METHODS: Prospective observational data were analyzed for a random sample (N = 3674) of incident patients at the time of initiating hemodialysis, hemofiltration or hemodiafiltration in 309 facilities in France, Germany, Italy, Japan, Spain, the United Kingdom, and the United States, taking part in the Dialysis Outcomes and Practice Patterns Study (DOPPS).

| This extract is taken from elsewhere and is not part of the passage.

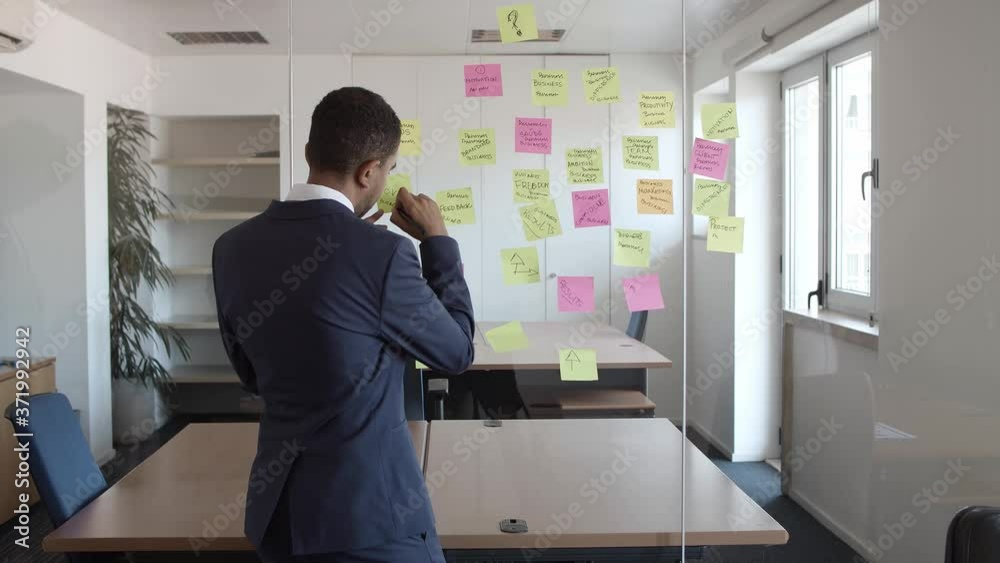 Back view of businessman writing on sticky memos on glass board in office, preparing for presentation, working on project plan. Medium shot. Management and business strategy concept Back view of businessman writing on sticky memos on glass board in office, preparing for presentation, working on project plan. Medium shot. Management and business strategy concept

RESULTS: Although the proportion of patients who had pre-dialysis care by a nephrologist differed little between countries, there were large variations in the proportion of patients who commenced hemodialysis via an A-V fistula, A-V graft or central venous catheter. The usual time interval between referral and creation of A-V fistulae also differed greatly between countries. For new hemodialysis (HD) patients initiating HD with an A-V fistula (N = 894) the following results were observed: (1). median time to first cannulation varied greatly between countries: Japan and Italy (25 and 27 days), Germany (42 days), Spain and France (80 and 86 days), UK and US (96 and 98 days). (2). No association was found between cannulation <or=28 days versus>28 days for patient characteristics of age, gender, and fifteen different classes of patient co-morbid factors. (3). Risk of A-V fistula failure was increased for incident patients who had a prior temporary access [relative risk (RR) = 1.81, P = 0.01] or who were female (RR = 1.52, P = 0.02). (4). Cannulation <or=14 days after creation was associated with a 2.1-fold increased risk of subsequent fistula failure (P = 0.006) compared to fistulae cannulated>14 days. (5) No significant difference in A-V fistula failure was seen for fistulae cannulated in 15 to 28 days compared with 43 to 84 days.

CONCLUSION: Significant differences in clinical practice currently exist between countries regarding the creation of A-V fistulae prior to starting hemodialysis and the timing of initial cannulation. Cannulation within 14 days of creation is associated with reduced long-term fistula survival. Fistulae ideally should be left to mature for at least 14 days before first cannulation.